[Image-text web data]

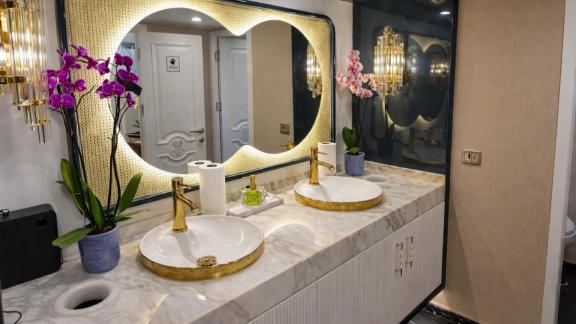 Den Den motor yacht in Bodrum features a stylish bathroom with modern sink and lighting for daily yacht rental comfort.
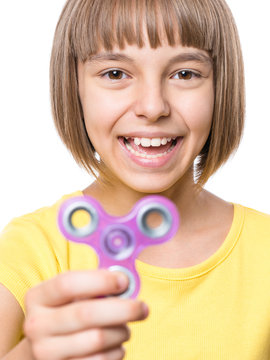 Young girl holding popular fidget spinner toy - close up portrait. Happy smiling child playing with Spinner, isolated on white background.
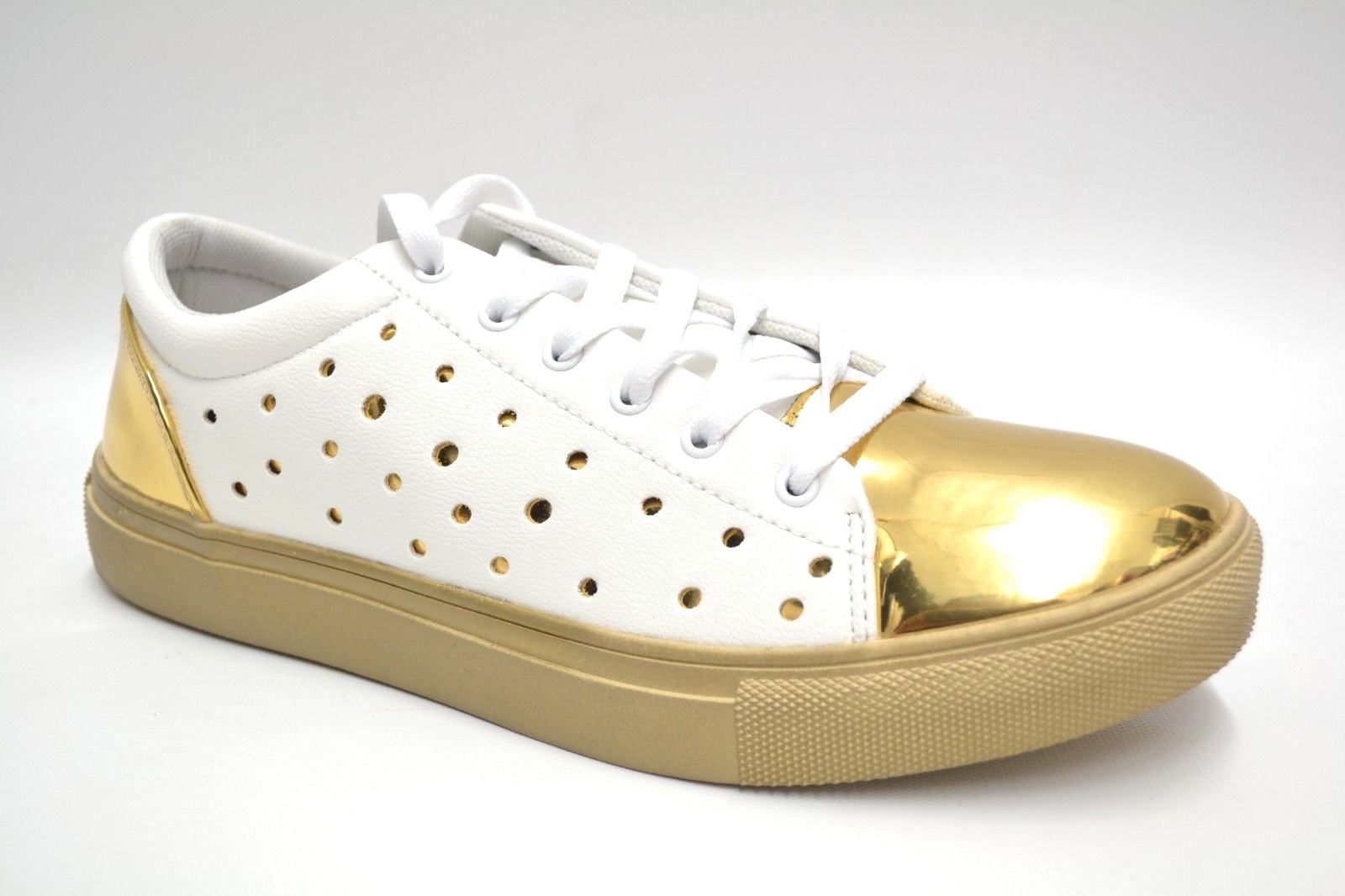 white and gold designer sneakers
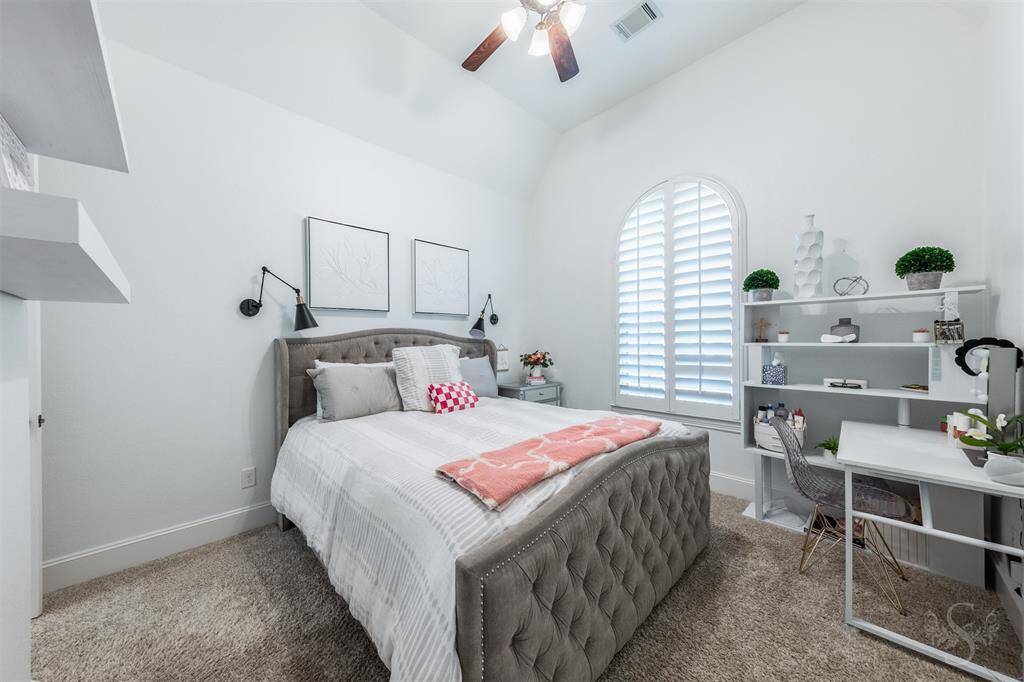 The third secondary bedroom features an arched window with shutters. All bedrooms include spacious closets.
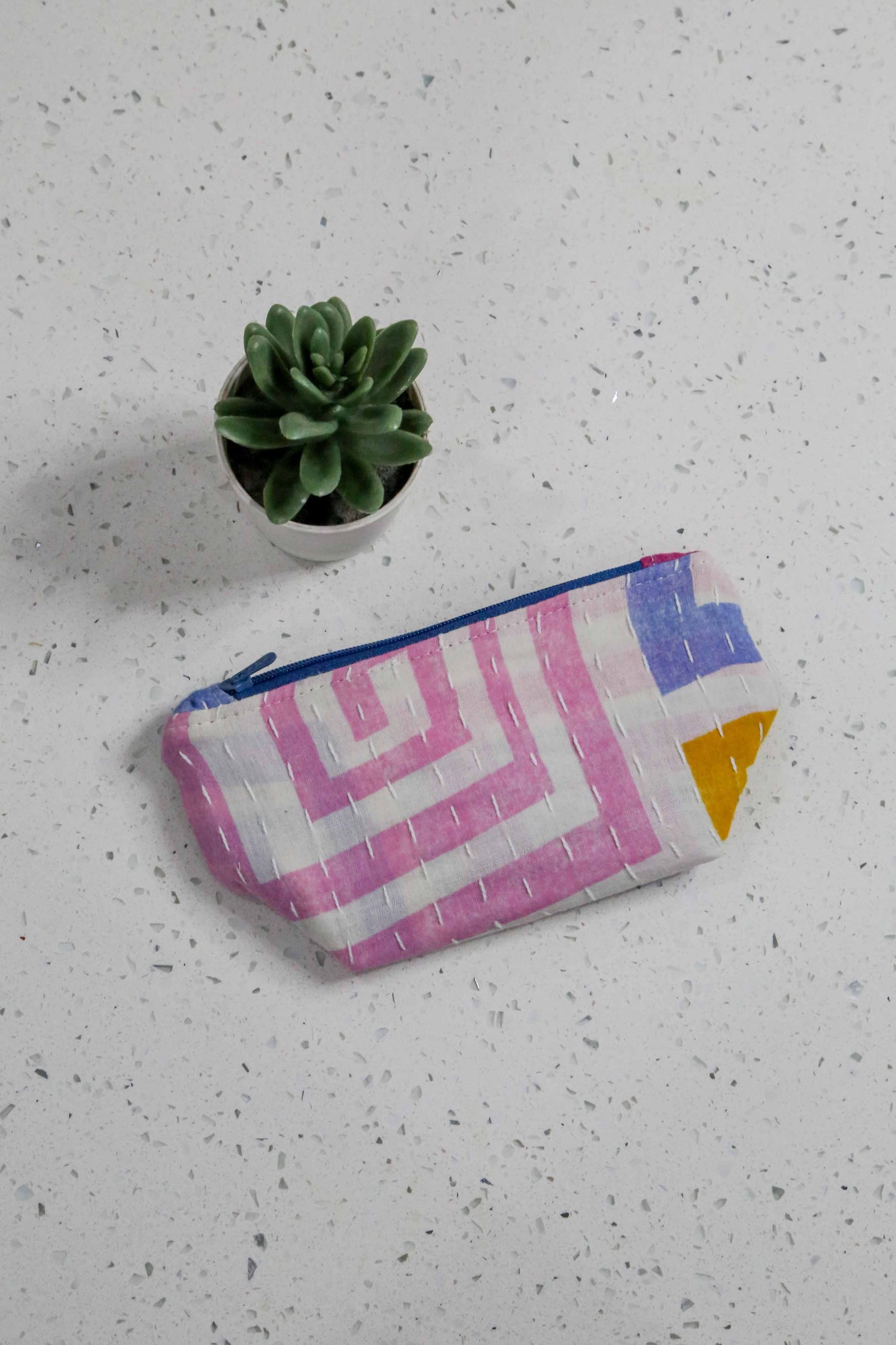 Handmade small Kantha cosmetic bag with vibrant saree patterns, perfect for fitting all your to-go items in one stylish, spacious bag for travel or daily use.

Work task:
Produce a verbatim copy of every entry, excluding pictures.

Answer area:
 Den Den motor yacht in Bodrum features a stylish bathroom with modern sink and lighting for daily yacht rental comfort.
 Young girl holding popular fidget spinner toy - close up portrait. Happy smiling child playing with Spinner, isolated on white background.
 white and gold designer sneakers
 The third secondary bedroom features an arched window with shutters. All bedrooms include spacious closets.
 Handmade small Kantha cosmetic bag with vibrant saree patterns, perfect for fitting all your to-go items in one stylish, spacious bag for travel or daily use.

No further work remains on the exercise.